ACTIVITY »
The entries shown here must be retyped in full, with no pictures included.

[Web page caption snippets]
++++++
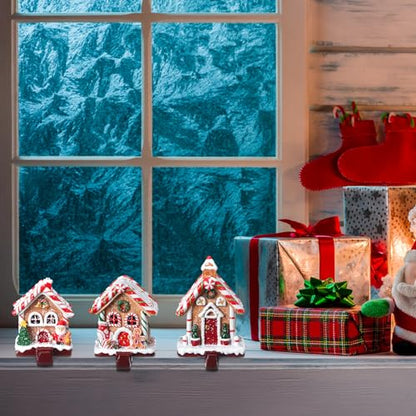 Riceshoot 3 Pack Christmas Gingerbread House Stocking Holders - Classic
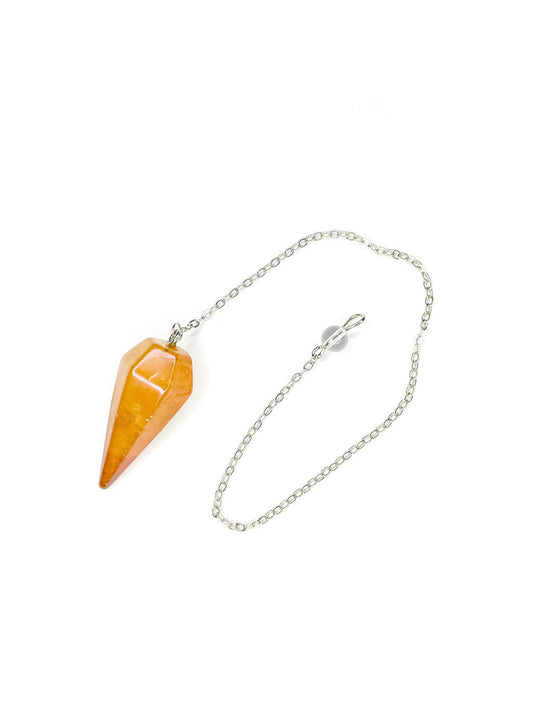 Tangerine aura quartz pendulum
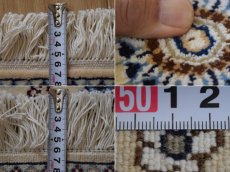 画像15: 新品 ペルシャ 絨毯 ナイン 9la ノーラー 縦1.3m 横1m センター 2人掛け ソファ サイズ 130 x 95 cm No.G31 ウール 手織り ラグ ハンドメイド カーペット 敷物 クラシック スタイル クリーム 生成り 白 アイボリー クリーム n-g31-130095a003 (15)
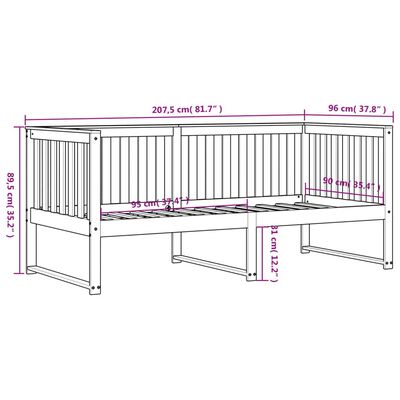 vidaXL Lit de jour sans matelas blanc 90x200 cm bois de pin massif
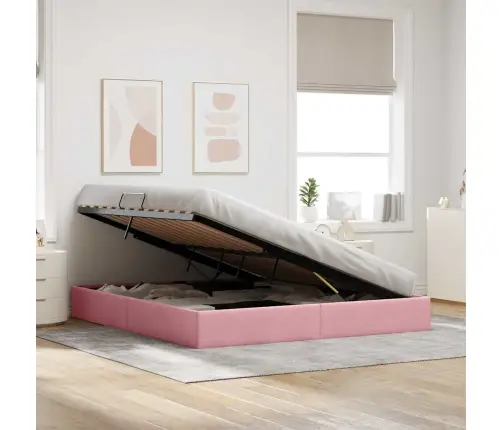 Glabāšanas Gulta Ar Matraci Rozā 160 X 200 Cm Samts Vidaxl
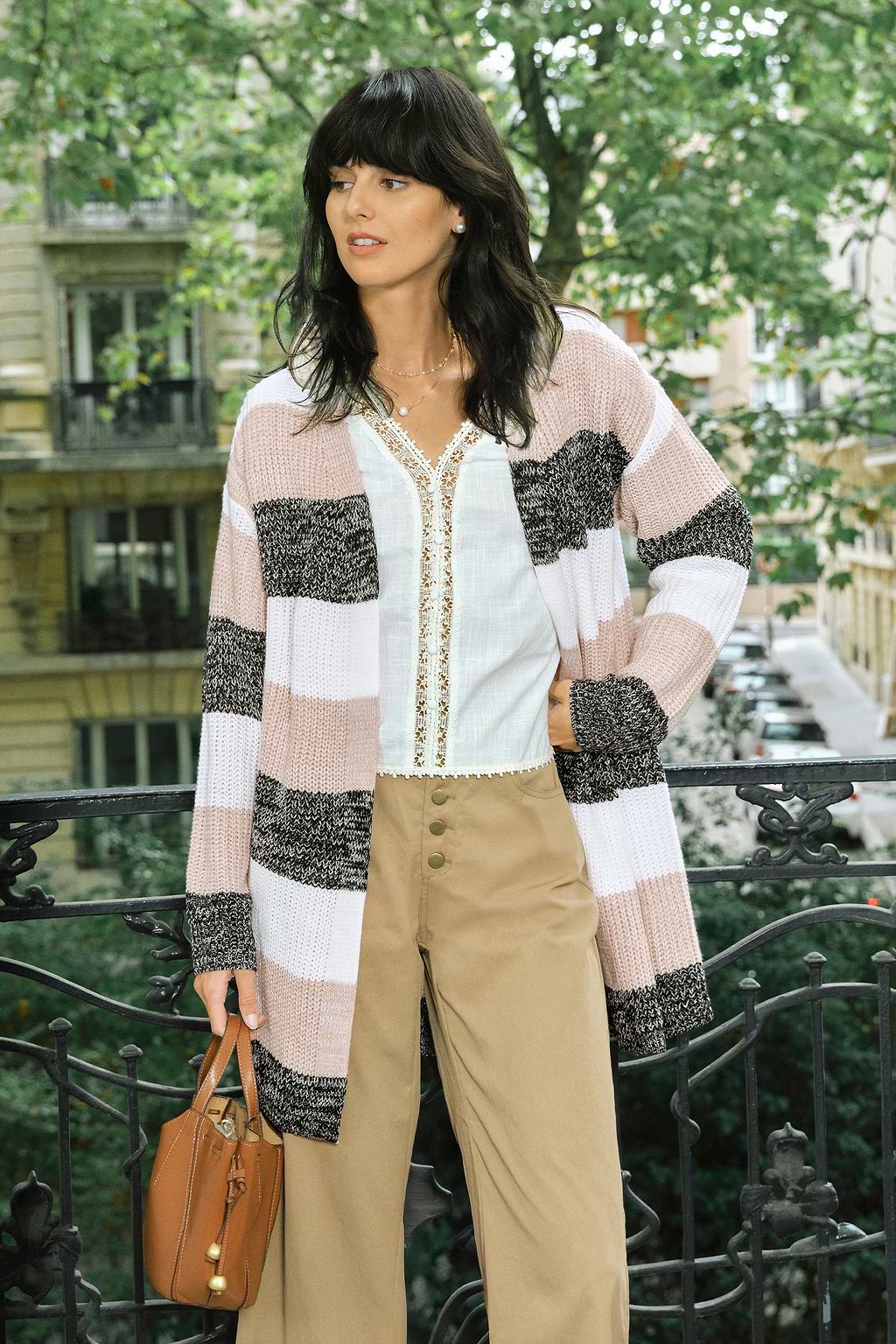 Striped Open Front Long Sleeve Duster Cardigan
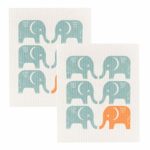 Now Designs 2000029aa Swedish Dishcloths, Set of 2, Edgar Elephant Print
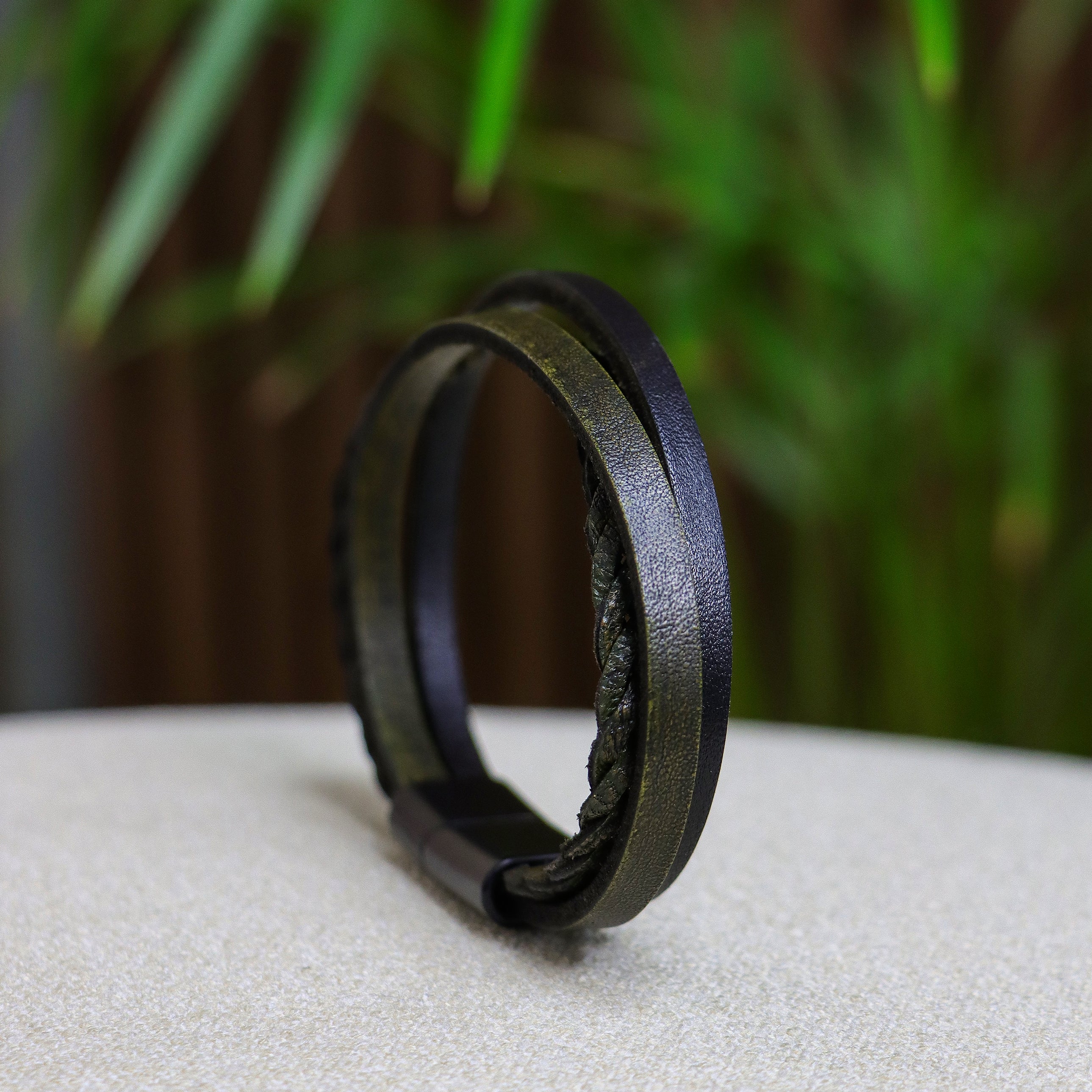 Khaki Two-Layer Leather Bracelet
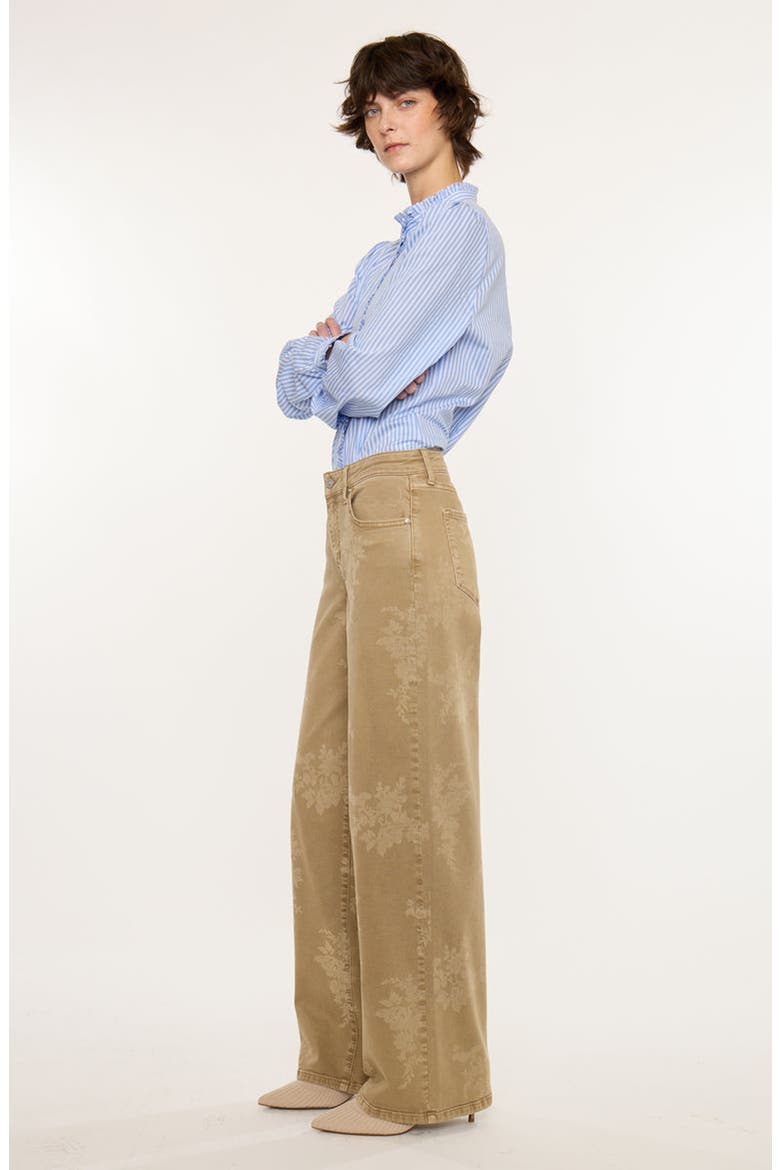 Wendy Mid Rise Wide Jeans, Alternate, color, Brown Floral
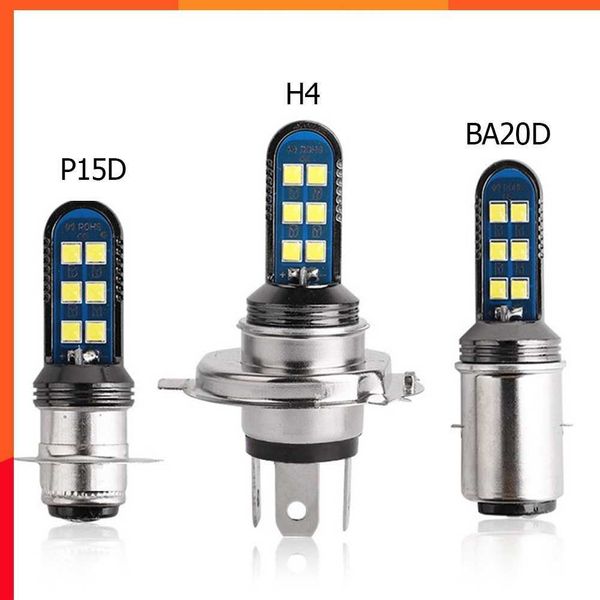 Nouveau P15D Led Moto Phares Ampoules 12 V 1600LM 6000 K 12 SMD 3030 Puces H4 Led Salut Lo H6 BA20D Led Phare Lampe Blanc Universel De Voiture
++++++
FINISHED TASK »
 Riceshoot 3 Pack Christmas Gingerbread House Stocking Holders - Classic
 Tangerine aura quartz pendulum
 画像15: 新品 ペルシャ 絨毯 ナイン 9la ノーラー 縦1.3m 横1m センター 2人掛け ソファ サイズ 130 x 95 cm No.G31 ウール 手織り ラグ ハンドメイド カーペット 敷物 クラシック スタイル クリーム 生成り 白 アイボリー クリーム n-g31-130095a003 (15)
 vidaXL Lit de jour sans matelas blanc 90x200 cm bois de pin massif
 Glabāšanas Gulta Ar Matraci Rozā 160 X 200 Cm Samts Vidaxl
 Striped Open Front Long Sleeve Duster Cardigan
 Now Designs 2000029aa Swedish Dishcloths, Set of 2, Edgar Elephant Print
 Khaki Two-Layer Leather Bracelet
 Wendy Mid Rise Wide Jeans, Alternate, color, Brown Floral
 Nouveau P15D Led Moto Phares Ampoules 12 V 1600LM 6000 K 12 SMD 3030 Puces H4 Led Salut Lo H6 BA20D Led Phare Lampe Blanc Universel De Voiture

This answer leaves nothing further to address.